The data:
= = =
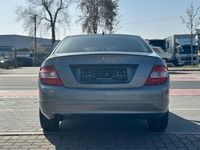 Gebraucht Mercedes C180 156 PS (114 kW) 2009 Silber Limousine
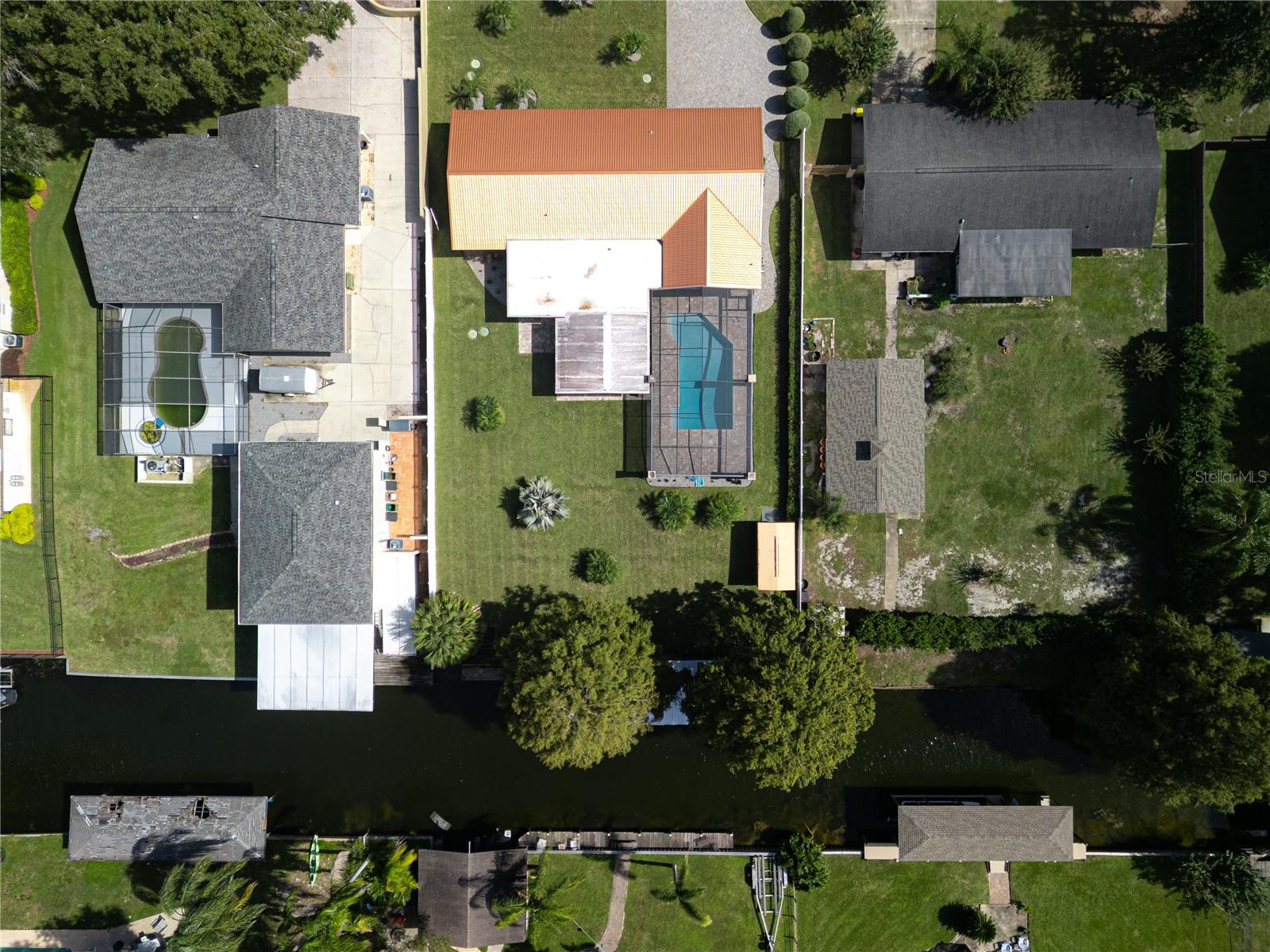 1010 EDGEWATER DR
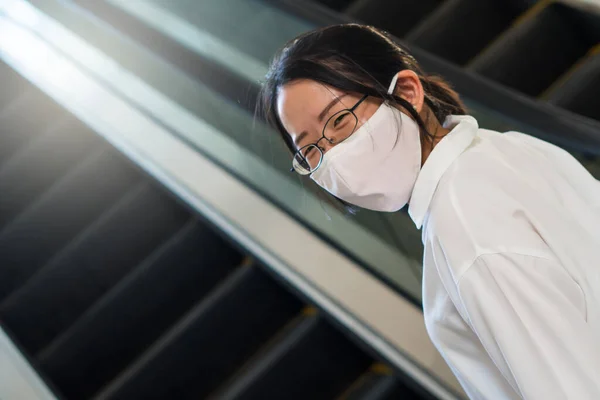 Joven Hermosa Mujer Asiática Con Cara Sonriente Uso Maskas Una — Foto de Stock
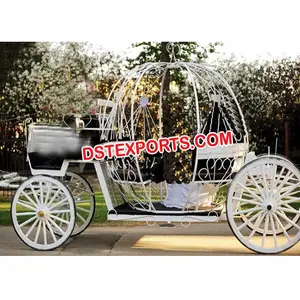 Romantic Touring Cinderella Carriage Wedding Love Heart Cinderella Horse Carriages New Bride Groom Wedding Cinderella Buggy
= = =
What this task involves:
Write out the whole listing again, exactly, with no pictures.

Response box:
 Gebraucht Mercedes C180 156 PS (114 kW) 2009 Silber Limousine
 1010 EDGEWATER DR
 Joven Hermosa Mujer Asiática Con Cara Sonriente Uso Maskas Una — Foto de Stock
 Romantic Touring Cinderella Carriage Wedding Love Heart Cinderella Horse Carriages New Bride Groom Wedding Cinderella Buggy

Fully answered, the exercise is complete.